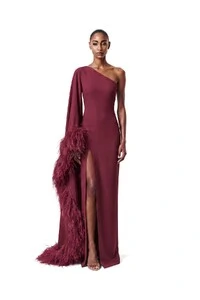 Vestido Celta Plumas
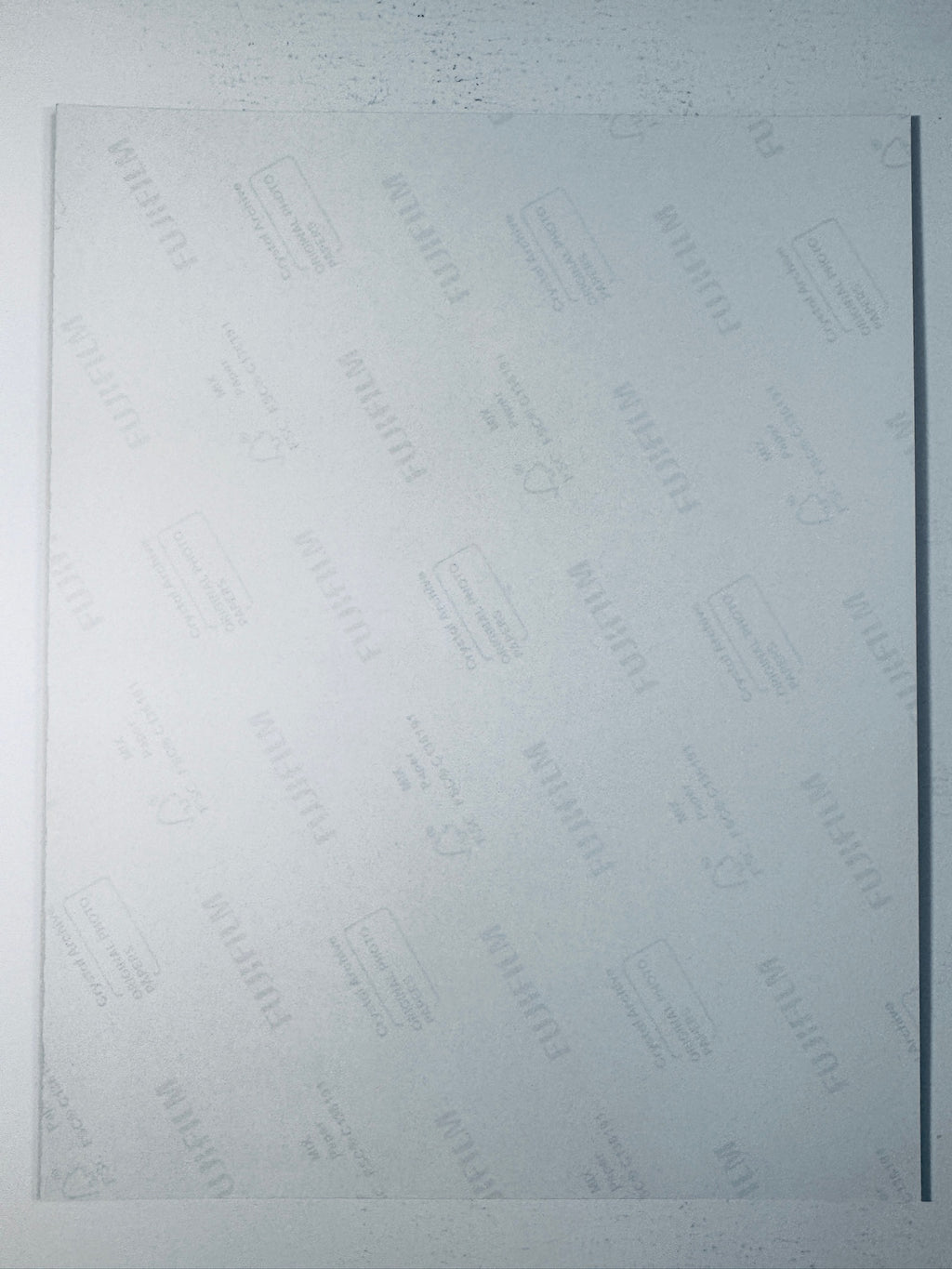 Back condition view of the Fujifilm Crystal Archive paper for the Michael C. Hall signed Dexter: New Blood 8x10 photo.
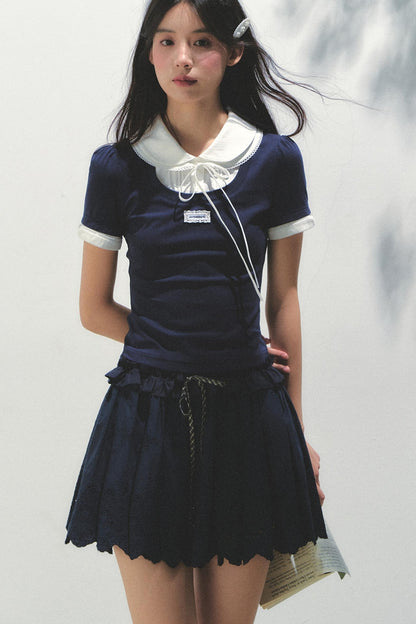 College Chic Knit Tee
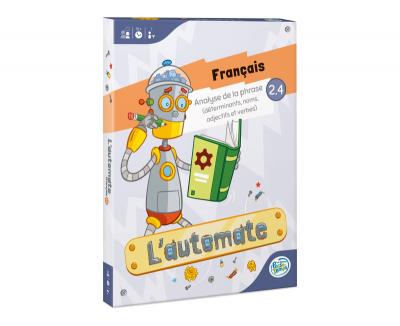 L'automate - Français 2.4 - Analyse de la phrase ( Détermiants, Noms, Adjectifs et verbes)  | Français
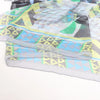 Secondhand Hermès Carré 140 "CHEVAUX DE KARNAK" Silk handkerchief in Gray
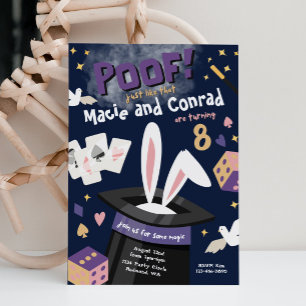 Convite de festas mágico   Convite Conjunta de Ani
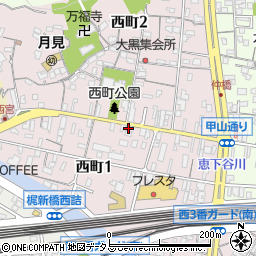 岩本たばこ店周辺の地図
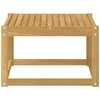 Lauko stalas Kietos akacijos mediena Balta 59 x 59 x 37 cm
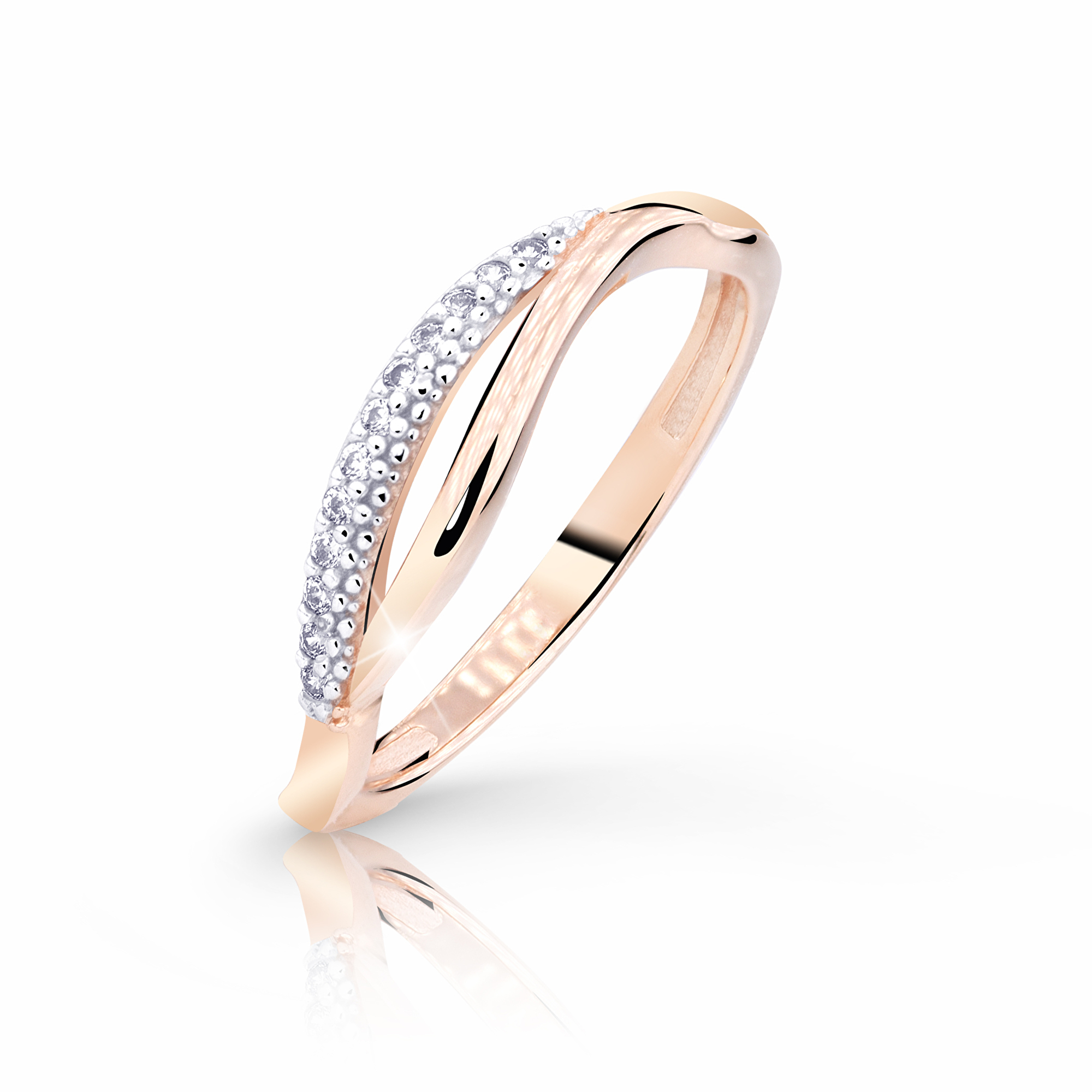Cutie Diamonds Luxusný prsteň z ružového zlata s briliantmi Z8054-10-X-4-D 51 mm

*Directions for this task:* Retype every entry above exactly and, please, skip the pictures.

*Result for this exercise:*
 Vestido Celta Plumas
 Back condition view of the Fujifilm Crystal Archive paper for the Michael C. Hall signed Dexter: New Blood 8x10 photo.
 College Chic Knit Tee
 L'automate - Français 2.4 - Analyse de la phrase ( Détermiants, Noms, Adjectifs et verbes)  | Français
 Secondhand Hermès Carré 140 "CHEVAUX DE KARNAK" Silk handkerchief in Gray
 Convite de festas mágico   Convite Conjunta de Ani
 岩本たばこ店周辺の地図
 Lauko stalas Kietos akacijos mediena Balta 59 x 59 x 37 cm
Cutie Diamonds Luxusný prsteň z ružového zlata s briliantmi Z8054-10-X-4-D 51 mm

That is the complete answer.